**SOURCE DATA**
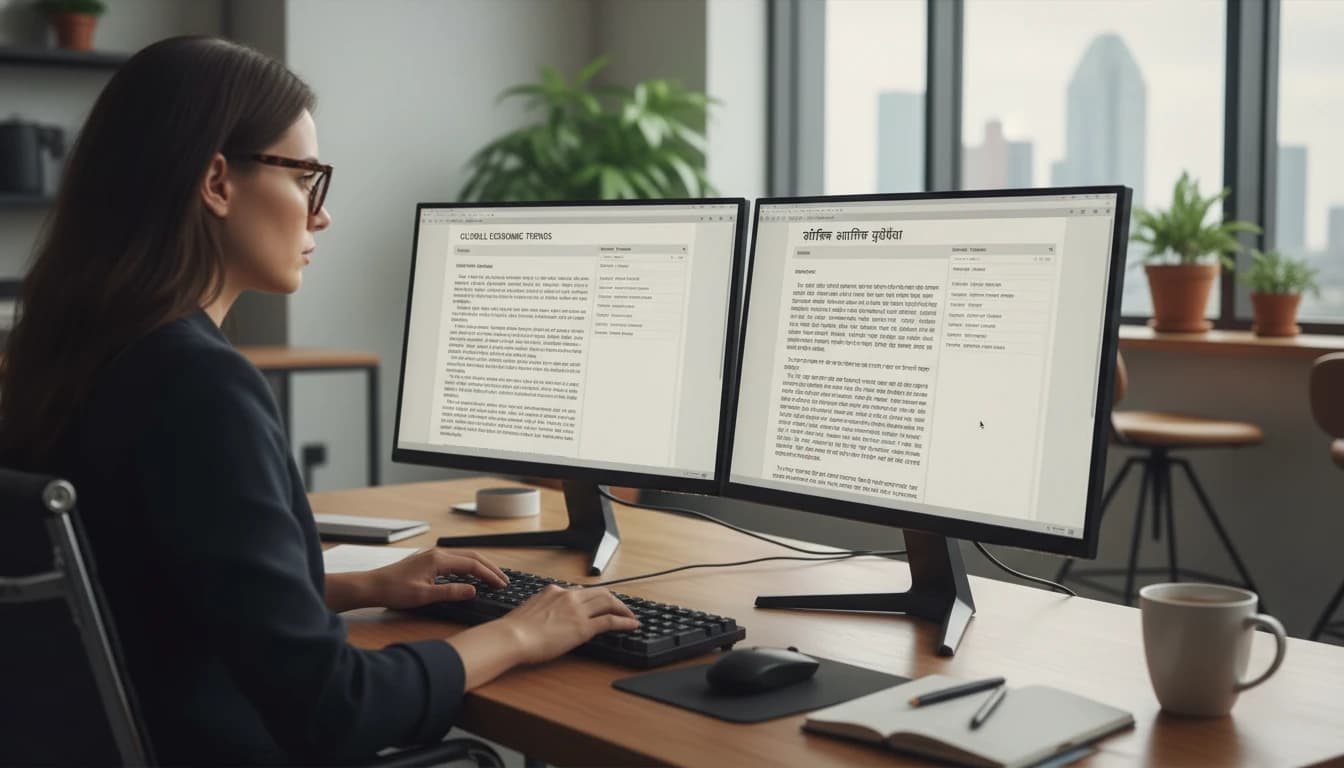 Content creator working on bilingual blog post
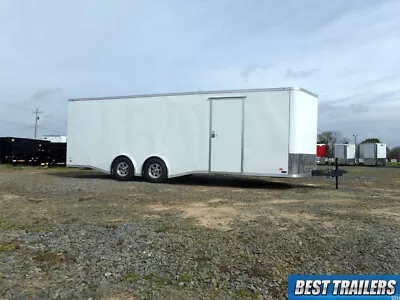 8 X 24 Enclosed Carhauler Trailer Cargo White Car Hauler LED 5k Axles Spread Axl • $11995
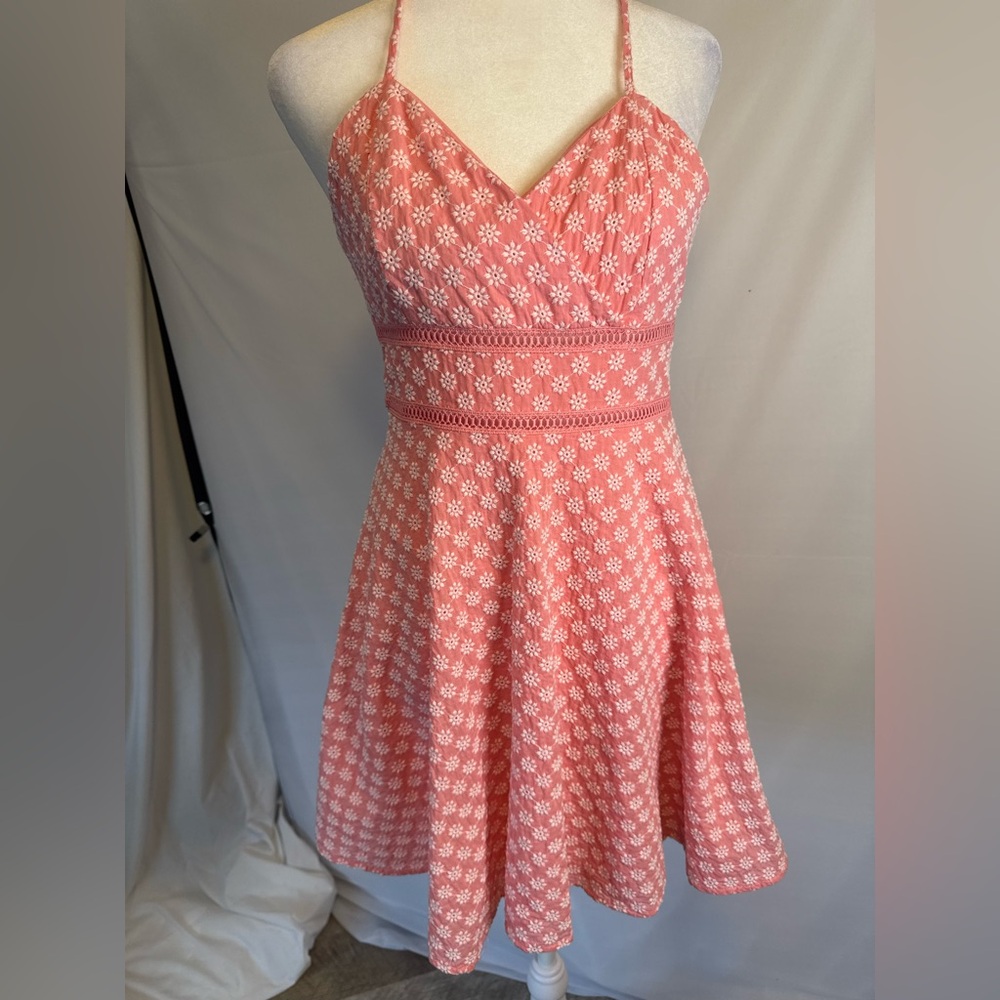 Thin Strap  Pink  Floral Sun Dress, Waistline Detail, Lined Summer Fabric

**WORK TASK**
Only the pictures are to be left out; print everything else in the listing exactly.

**OUTPUT BELOW**
 Content creator working on bilingual blog post
 8 X 24 Enclosed Carhauler Trailer Cargo White Car Hauler LED 5k Axles Spread Axl • $11995
 Thin Strap  Pink  Floral Sun Dress, Waistline Detail, Lined Summer Fabric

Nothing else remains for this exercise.